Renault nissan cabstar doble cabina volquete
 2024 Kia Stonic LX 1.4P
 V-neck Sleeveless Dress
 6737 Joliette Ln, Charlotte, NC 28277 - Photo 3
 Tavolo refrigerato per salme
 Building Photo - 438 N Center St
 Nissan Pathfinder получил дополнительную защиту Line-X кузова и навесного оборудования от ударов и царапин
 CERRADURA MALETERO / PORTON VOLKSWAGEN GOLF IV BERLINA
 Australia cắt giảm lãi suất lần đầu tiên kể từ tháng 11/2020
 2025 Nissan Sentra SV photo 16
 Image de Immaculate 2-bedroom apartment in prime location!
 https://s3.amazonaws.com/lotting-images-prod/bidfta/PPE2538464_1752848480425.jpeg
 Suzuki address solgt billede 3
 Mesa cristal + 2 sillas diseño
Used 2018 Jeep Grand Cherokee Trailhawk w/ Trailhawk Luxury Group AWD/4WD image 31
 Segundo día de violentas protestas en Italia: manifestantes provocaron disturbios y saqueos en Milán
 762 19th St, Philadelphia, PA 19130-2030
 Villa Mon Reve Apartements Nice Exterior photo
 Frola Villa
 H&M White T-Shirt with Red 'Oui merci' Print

::::

• [Action item] Print the lines of the material, exactly and only, from the line that contains "Segundo día de" down to and including the final line.

• [Answer for this exercise]
 Segundo día de violentas protestas en Italia: manifestantes provocaron disturbios y saqueos en Milán
 762 19th St, Philadelphia, PA 19130-2030
 Villa Mon Reve Apartements Nice Exterior photo
 Frola Villa
 H&M White T-Shirt with Red 'Oui merci' Print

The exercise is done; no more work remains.